House On Haunted Hill (1959)

William Castle is one of my heroes. While he isn’t a world-class director, he was a top of the line showman. His book Step Right Up!…I’m Going to Scare the Pants off America is required reading. You can also check out the great documentary Spine Tingler! The William Castle story to learn more.

One of his gimmicks that he used to sell his movies was called Emergo. As theaters played this movie, an elaborate pulley system released a plastic skeleton that would fly across the presumably horrified — or amused and even rancorous — audience.

This movie ended up being a huge success. Alfred Hitchcock — who Castle often imitated in movies like Homicidal — took and made his own low-budget horror film. You’ve probably seen it. It’s called Psycho.

It’s such a simple set up: Frederick Loren (the always awesome Vincent Price, whose line in this movie “It’s close to midnight” starts off the Michael Jackson song “Thriller,” a track on which he also appears) is an eccentric millionaire — is there any better kind? — who invites five people to a party for his fourth wife Annabelle (Carol Ohmart, Spider Baby) in an allegedly haunted house.

If any of these people can survive one night, they get $10,000. They include test pilot Lance Schroeder (Richard Long, who was the professor on Nanny and the Professor), newspaper columnist Ruth Bridges (Julie Mitchum, yes the sister of Robert), psychiatrist Dr. David Trent (Alan Marshal in his next to last film; the actor Marshal died two years later from a heart attack while appearing in Chicago with Mae West in a production of her play Sextette. He had a heart attack on stage but finished the performance. The show, as they say, must go on…), Nora Manning (Carolyn Craig, probably best known for this movie) and Watson Pritchard (Elisha Cook, Mr. Nicklas from Rosemary’s Baby).

The only thing that these strangers have is that they all need money. The Lorens also hate one another and are convinced that they are trying to kill one another. And for what it’s worth, Watson believes that the house is genuinely haunted by the ghosts of those murdered there, including his brother. There’s also a vat of acid in the basement that was used to kill the previous owner’s wife.

So is the house truly haunted? Is Annabelle trying to kill her husband Frederick? Who will survive? And how cool would it have been to have seen this movie in person with a giant skeleton bursting loose at the right moment?

House On Haunted Hill was filmed at the Ennis House in Los Feliz California, which was designed in 1924 by Frank Lloyd Wright. It also appears in the movie Blade Runner and was the mansion that Angel, Spike, and Drusilla lived in on the TV version of Buffy the Vampire Slayer. It was also used on the soap opera show within a show Invitation to Love on David Lynch’s Twin Peaks.

This was remade in 1999 and that film also had a 2007 sequel, Return to House on Haunted Hill.

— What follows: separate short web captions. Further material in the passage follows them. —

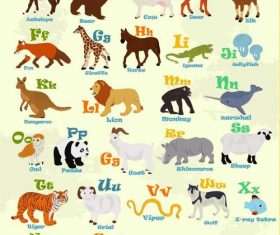 Alphabet with animal vector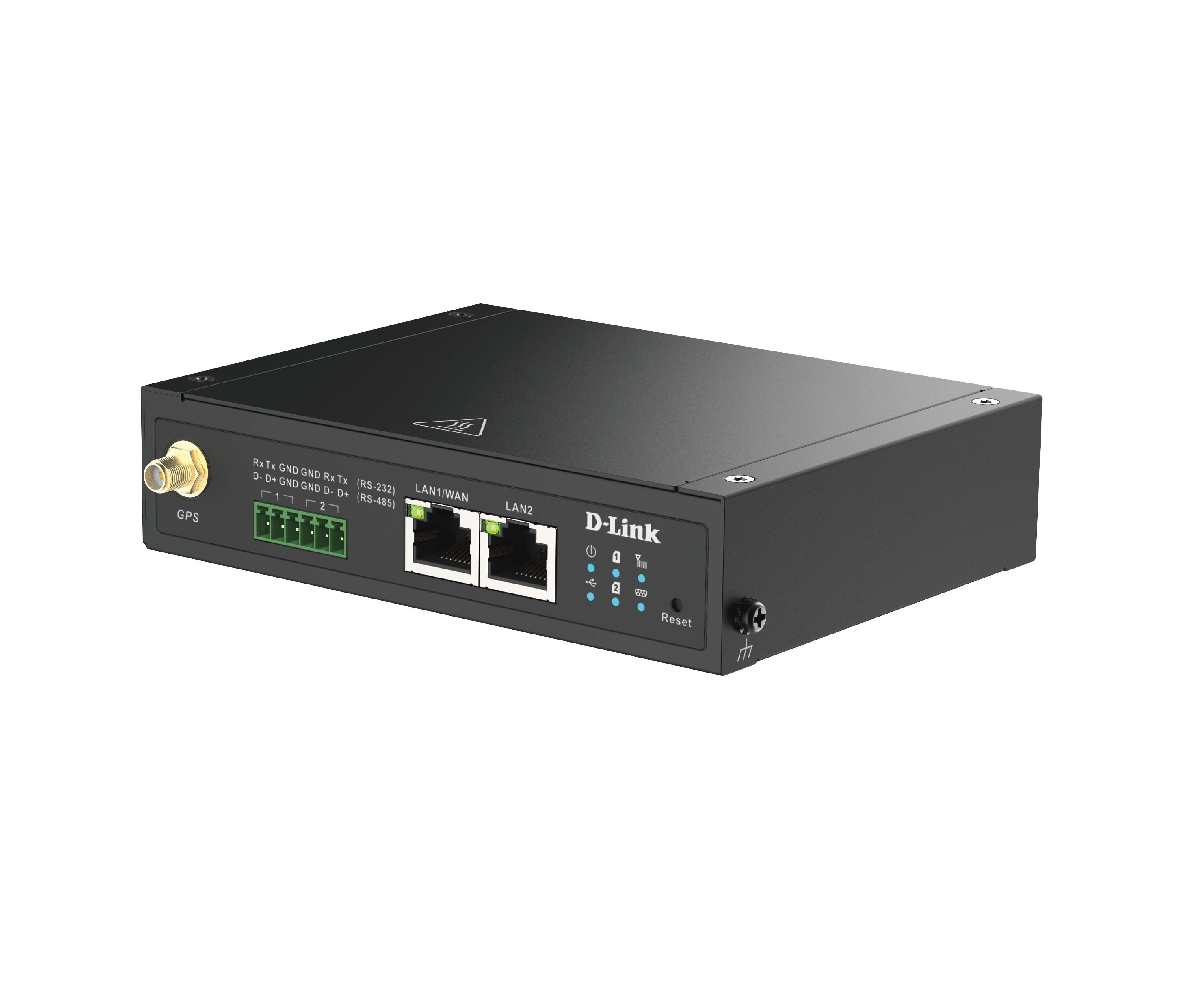 Ein schwarzer D-Link-Router. Es hat Anschlüsse, Lichter und eine Reset-Taste. Ein GPS-Antennenanschluss ist sichtbar.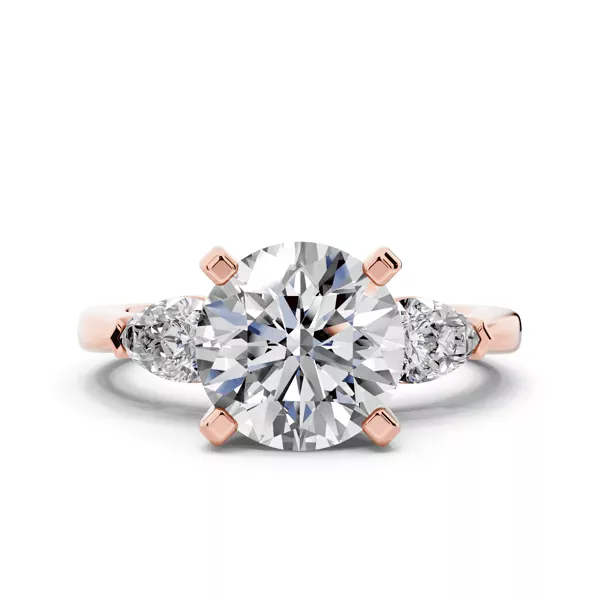 Madison Three-Stone Lab Pear Ring
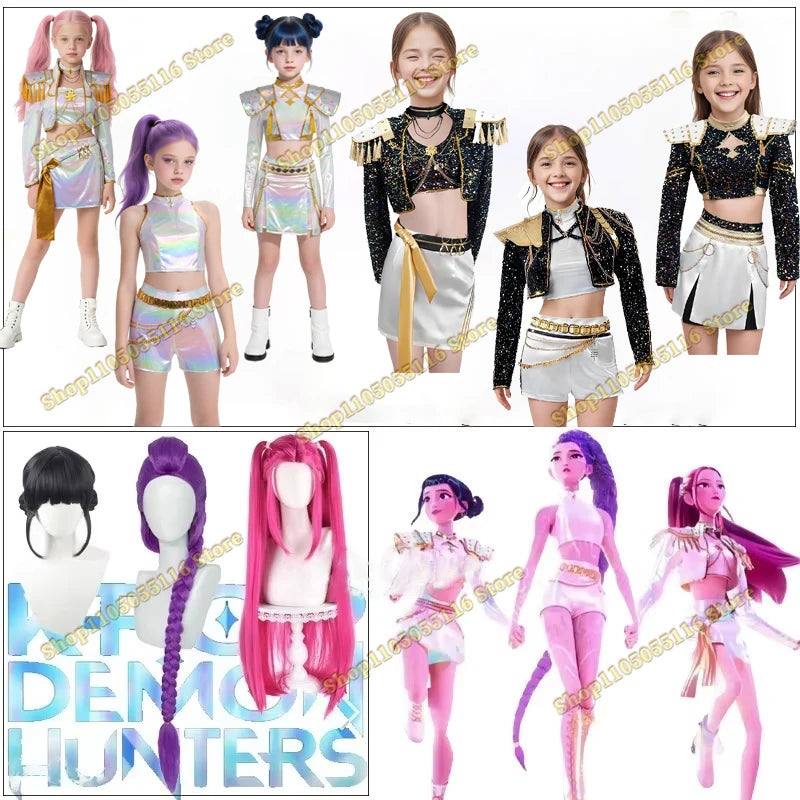 Huntrix K-Pop Mira Rumi Zoey Demon Hunters 2 Style Black White Outfit Kids Stage Cosplay Clothes Costume Halloween Girl Group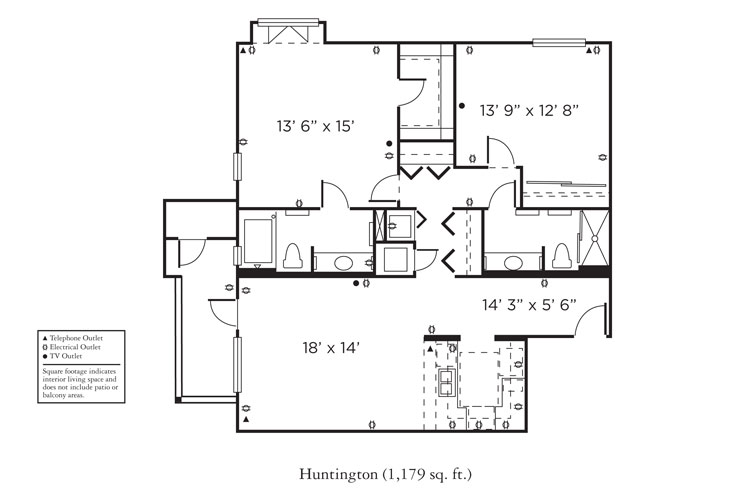 Black and white floor plan for the Huntington apartment, 1,179 sq. ft., showing two bedrooms, two bathrooms, kitchen, living room, dining area, and utility spaces, with placements for electrical and TV outlets indicated.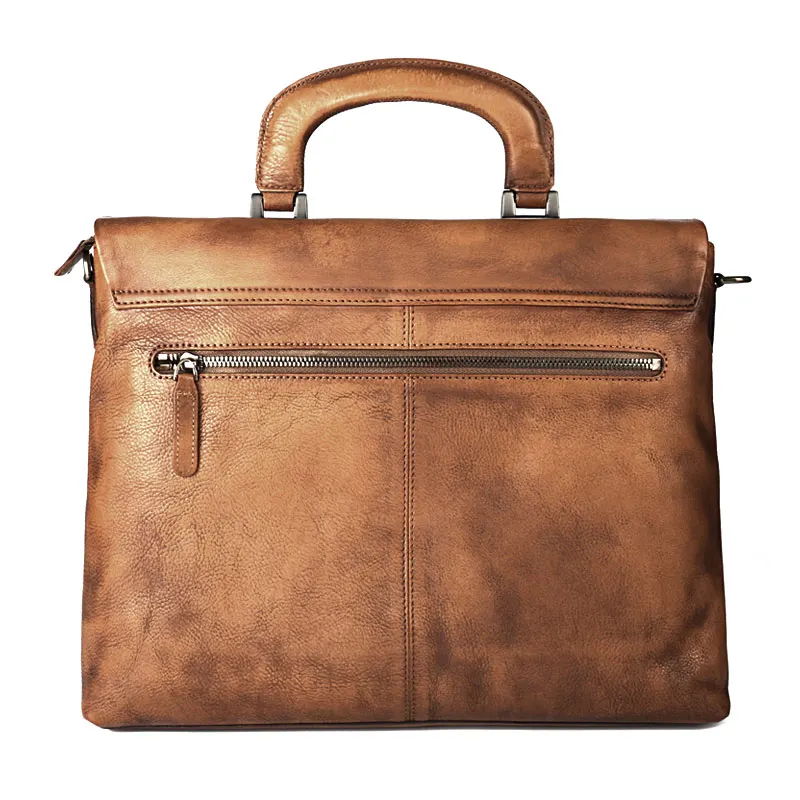 Мужская деловая сумка из натуральной кожи с мягкой ручкой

You can get this movie as part of Shout! Factory‘s The Vincent Price Collection II on blu ray. Or you can watch it with or without Rifftrax commentary on Tubi. You can also watch it in black and white or in color on Amazon Prime. It’s also available on the Internet Archive.

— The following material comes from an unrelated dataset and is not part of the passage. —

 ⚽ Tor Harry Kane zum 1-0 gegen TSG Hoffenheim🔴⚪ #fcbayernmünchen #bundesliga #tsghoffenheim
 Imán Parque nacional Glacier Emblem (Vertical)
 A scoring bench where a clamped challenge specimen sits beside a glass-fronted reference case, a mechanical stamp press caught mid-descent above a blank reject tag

One last bit of trivia: The theme song to this movie actually has lyrics! They are:

“There’s a house on Haunted Hill / Where ev’rything’s lonely and still / Lonely and still / And the ghost of a sigh / When we whispered good-bye / Lingers on / And each night gives a heart broken cry / There’s a house on Haunted Hill / Where love walked there’s a strange silent chill / Strange silent chill / There are mem’ries that yearn / For our hearts to return / And a promise we failed to fulfill / But we’ll never go back / No, we’ll never go back / To the house on Haunted Hill!”